This motion, which was placed on the notice paper last December, was inspired by three things: the expiry of the ACT government’s multicultural framework at the end of 2005, the shutting down of the ACT government’s Ministerial Advisory Council on Multicultural Affairs and the well-publicised governance and communication problems in the ACT Multicultural Council.

Since the motion was put on the notice paper last year, a new, alternative multicultural council has been formed. Now we have two groups purporting to represent the ethnic communities in Canberra. I have had contact with representatives of both groups. My early observations are that the new group is well supported, inclusive and aiming to be transparent and accountable. The risk is that we will have two separate organisations dividing the ethnic communities of Canberra; so some reconciliation might need to be part of the government’s agenda.

Something else that has occurred since I put this motion on the notice paper is the racially inspired riots in Cronulla.
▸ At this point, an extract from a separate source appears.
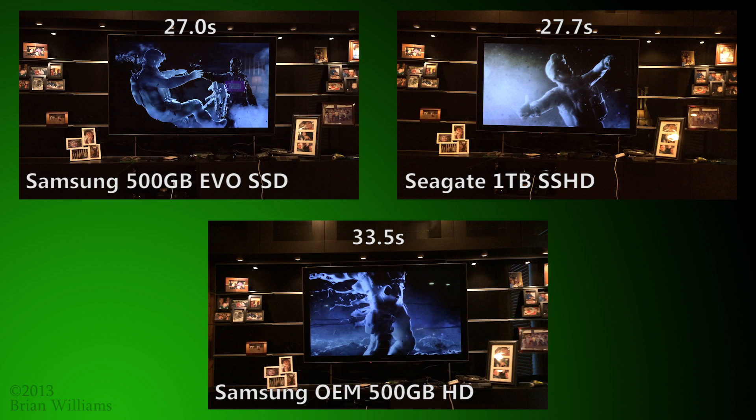If you typically play one or two games at a time, you'll find that at one third the price, a hybrid drive is a perfect compromise between the traditional hard drive and an SSD. Because of the way the 8GB of flash keeps only the most frequently used data in cache,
I believe that, while we do not have any indication that there is a likelihood of such activity in Canberra, we should be well aware that these things can happen out of the blue. We have to make sure that they do not.

The point of a multicultural framework for the ACT is, clearly, to provide inclusive principles for policy development for internal and external operations. The existing framework was built on widely shared and strongly held social commitments to respect and value the continuing diverse cultures of Canberra people and to find a unifying positive strength in that diversity. The Canberra National Multicultural Festival, which continues in Canberra this week, is a celebration of that idea. And we congratulate them.

It is important to acknowledge that multiculturalism in Australia is both a project never fully completed and, at the same time, a reality. We have many cultures in this land. There have always been people in our community who are not comfortable with cultural diversity as it is and who have opposed the project to better appreciate and profit from it. There are many people who see multiculturalism as a threat to their status and who label opposition to discrimination and exclusion as political correctness. This, of course, is partly because the notion of a multicultural Australia has been championed by political leaders, that is, it now is seen as belonging to one particular side of politics.